The CIA has confirmed that it destroyed at least two videotapes showing the interrogation of two suspected al-Qaeda operatives in 2005.
Government officials said the tapes showed agency operatives in 2002 subjecting terrorism suspects to severe interrogation techniques, according to the New York Times.
CIA chief Gen Michael Hayden yesterday said the decision to destroy the tapes was made within the CIA in 2005.
He claimed the tapes were destroyed to protect the safety of undercover officers and because they no longer had intelligence value.
The American Civil Liberties Union has voiced concern at the CIA's action on the videotapes.
It said the destruction of the tapes appears to be part of an extensive, long-term pattern of misusing executive authority to insulate individuals from criminal prosecution for torture and abuse.
John Rockefeller, Senate Intelligence Committee chairman, said the committee must review the full history and chronology of the tapes, how they were used and the reasons for destroying them, and any communication about them that was provided to the courts and Congress.
He said they were provided with very limited information about the existence of the tapes, were not consulted on their usage, or the decision to destroy the tapes.
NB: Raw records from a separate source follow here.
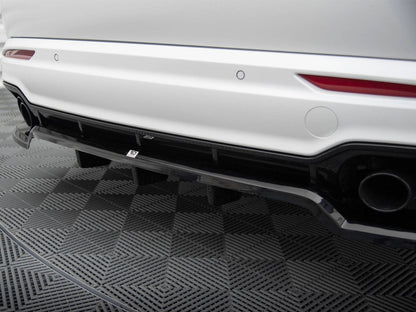 Maxton Design Rear Splitter (Vertical Bars) Maserati Grecale GT / Modena Mk1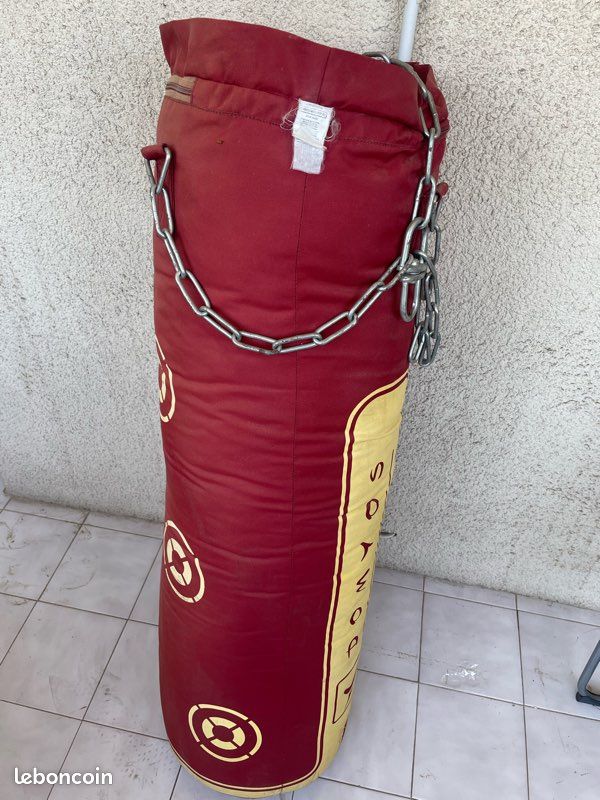 Kick Boxing Sacco Da Boxe Domyos Rosso Boxe Domyos Sacco Pugni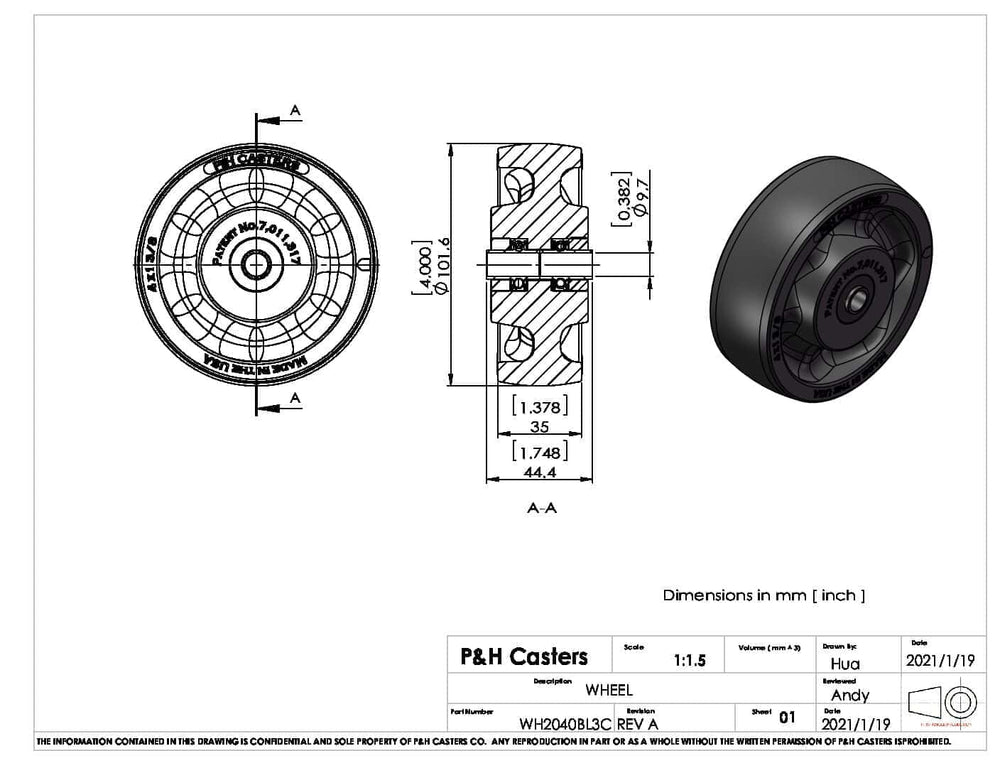 P&H WH2040BL3C - view 4
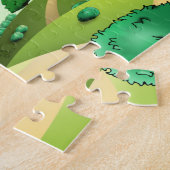 Schwarzer Prinz Puzzle (Seite)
Mr Rockefeller said they did not learn until much later in November 2006 that the tapes had in fact been destroyed in 2005.
CIA chief Hayden, in a letter to employees, said the tapes posed a serious security risk, that there was no legal or internal reason to keep them and that the sessions had already been 'exhaustively detailed'.
The letter went on to mention that if the tapes were ever to leak, they would permit identification of CIA colleagues who had served in the program, 'exposing them and their families to retaliation from al-Qaeda and its sympathisers.'
The US, following the 11 September attacks, launched a programme allowing intelligence services to detain and question terrorist suspects, including questioning techniques that remain secret.
A 2004 report warned that some CIA-approved interrogation procedures appeared to violate the international Convention Against Torture.